Tanpa perlu berpanjang-panjang lagi, sudilah kita mengaku ternyata diri ini belum berilmu sama sekali. Tak perlu malu, karena semua orang juga mulanya tidak tahu, tidak berilmu. Tugas kita hanyalah mecari tahu, sesuatu yang Satu, Sang Maha Berilmu. Inilah ilmu yang benar, ilmu yang mengantarkan kita kepada-Nya, mengetahui hak dan kewajiban, sebagai hamba yang patuh. “…dan katakanlah: “Ya Tuhanku, tambahkanlah ilmu kepadaku.” (Q.S Thaha [20]: 114)

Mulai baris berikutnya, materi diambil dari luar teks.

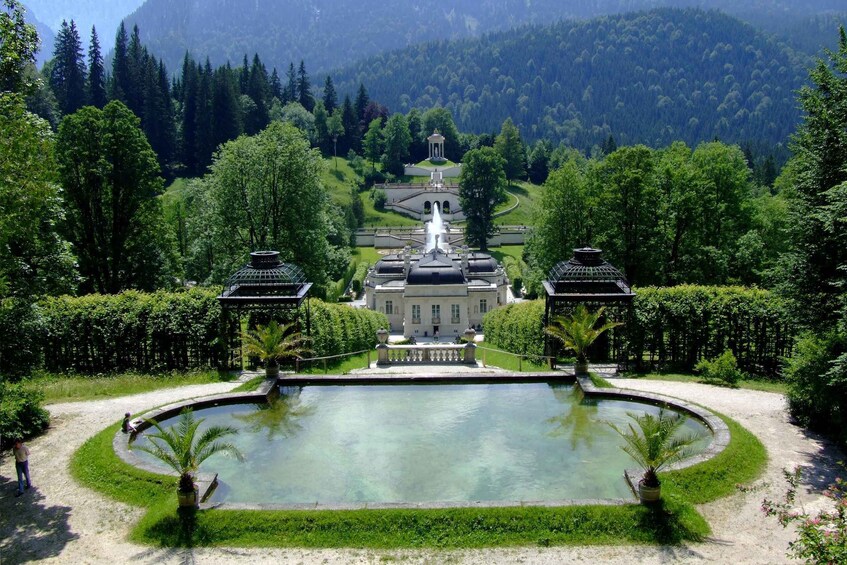 Picture 8 for Activity From Füssen: Neuschwanstein & Linderhof Castles Private Tour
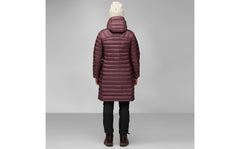 Snow Flake Parka W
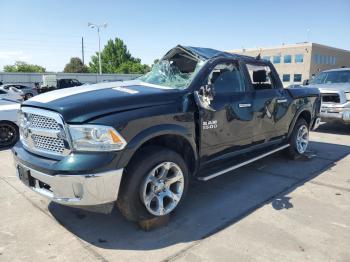  Salvage Ram 1500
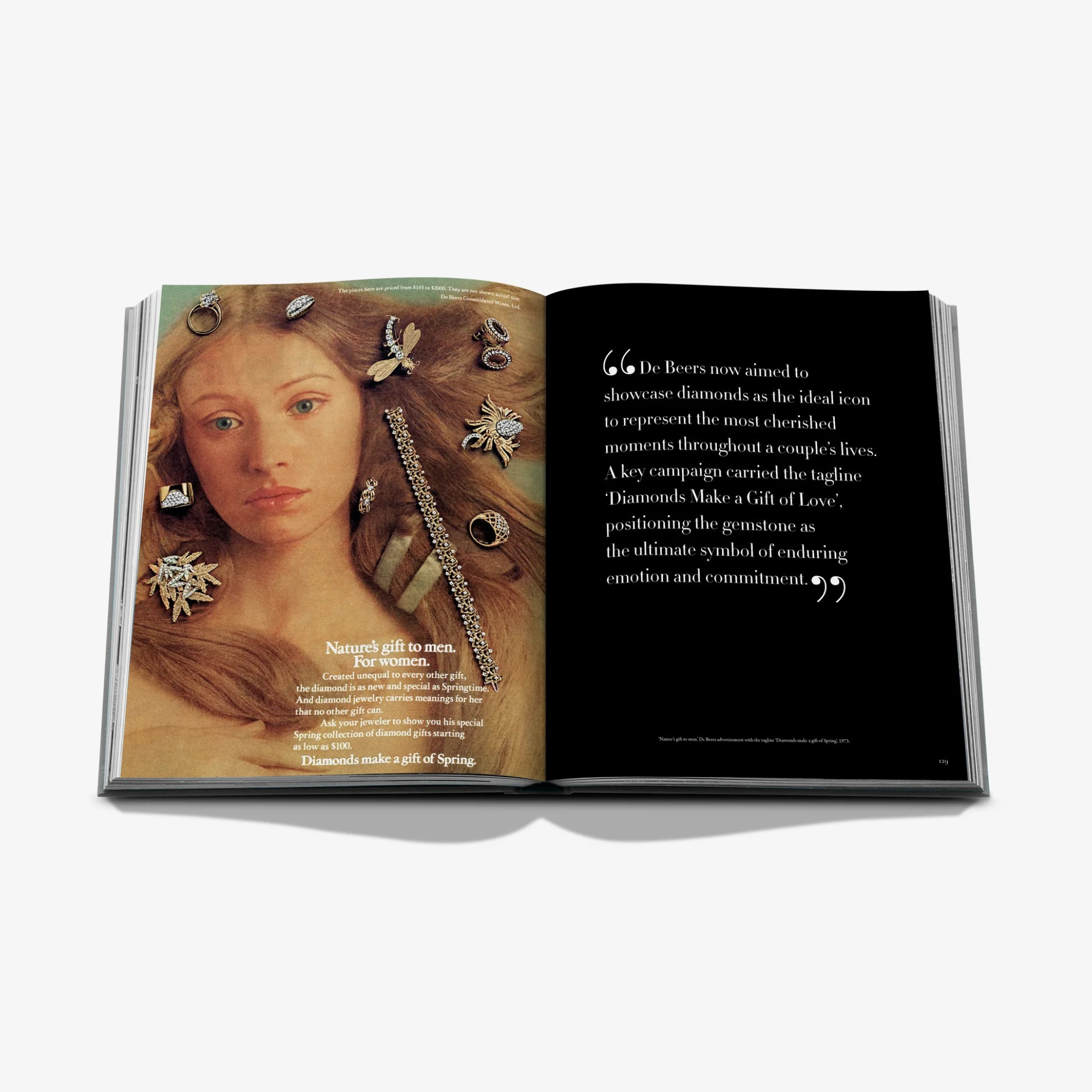 A Diamond is Forever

Sementara mencari tahu, sering-seringlah bertanya kepada orang yang telah dianugerahi pengetahuan. Mengambil pelajaran berharga dari pengalaman hidup mereka agar kita tak harus selalu memulai dari nol. Di samping, bimbingan mereka mempercepat sampainya kita pada tujuan, meminimalkan kita dari kekeliruan-keliruan pemula, dan mendidik kita untuk menghargai perjuangan mereka yang berpengaruh besar terhadap perjalanan hidup kita. Seperti firman Allah dalam dua tempat berbeda, yaitu pada surat An-Nahl [16] ayat 43 dan Al-Anbiya’ [21] ayat 7, “…maka tanyakanlah kepada orang-orang yang berilmu, jika kamu tidak mengetahui.”